CD laddering works like this: you divide the amount of money you wish to deposit into five categories, and you purchase five CDs with different maturities (one year, two year, three year, four year, and five year). When each CD matures, you reinvest the principal plus interest.
This way, you can potentially take advantage of higher rates (hopefully!) and if you need to, access your capital without paying a steep penalty.
6. Is the Roof on FIRE?
FIRE is all the rage for young people these days. It is often promoted by various articles and media personalities discussing how someone in his or her late 20s is close to being a millionaire because of FIRE. So, what is it?

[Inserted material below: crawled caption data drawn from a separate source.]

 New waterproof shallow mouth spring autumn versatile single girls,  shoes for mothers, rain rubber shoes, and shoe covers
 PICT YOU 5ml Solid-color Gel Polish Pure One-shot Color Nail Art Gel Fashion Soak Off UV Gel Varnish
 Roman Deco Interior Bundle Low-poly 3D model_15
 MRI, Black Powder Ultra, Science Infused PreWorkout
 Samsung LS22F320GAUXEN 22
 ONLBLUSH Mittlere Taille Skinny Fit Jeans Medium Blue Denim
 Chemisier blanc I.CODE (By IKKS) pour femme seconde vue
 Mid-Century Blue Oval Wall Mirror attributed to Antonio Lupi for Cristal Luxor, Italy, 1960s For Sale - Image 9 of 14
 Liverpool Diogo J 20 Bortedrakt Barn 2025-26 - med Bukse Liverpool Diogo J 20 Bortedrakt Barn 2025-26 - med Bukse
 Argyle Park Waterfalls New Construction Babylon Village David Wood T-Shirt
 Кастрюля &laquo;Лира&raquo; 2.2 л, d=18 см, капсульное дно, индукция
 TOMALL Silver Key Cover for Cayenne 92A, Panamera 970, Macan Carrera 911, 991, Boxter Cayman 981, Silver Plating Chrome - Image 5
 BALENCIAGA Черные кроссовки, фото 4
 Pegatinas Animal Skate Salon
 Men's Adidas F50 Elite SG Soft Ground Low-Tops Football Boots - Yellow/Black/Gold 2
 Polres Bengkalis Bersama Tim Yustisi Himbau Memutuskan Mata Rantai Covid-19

FIRE is a clever acronym for Financial Independence, Retire Early. Essentially, it is a program of extreme savings and maximum investing that minimizes budgets and permits retirement plans earlier than most people are accustomed to all these years.
According to DaveRamsey.com, it is doable if you execute some of these tips:
- Start planning now about your retirement, no matter how young you are.
- Find ways to keep your expenses low.
- Look for ways to increase your income.
- Prioritize your savings and investments.
- Do not mess with credit cards and stay out of debt.
It might be easier said than done, but with some willpower and strategizing, you could perhaps put together a nice little nest egg by the time you reach your 30s! Early retirement, here you come!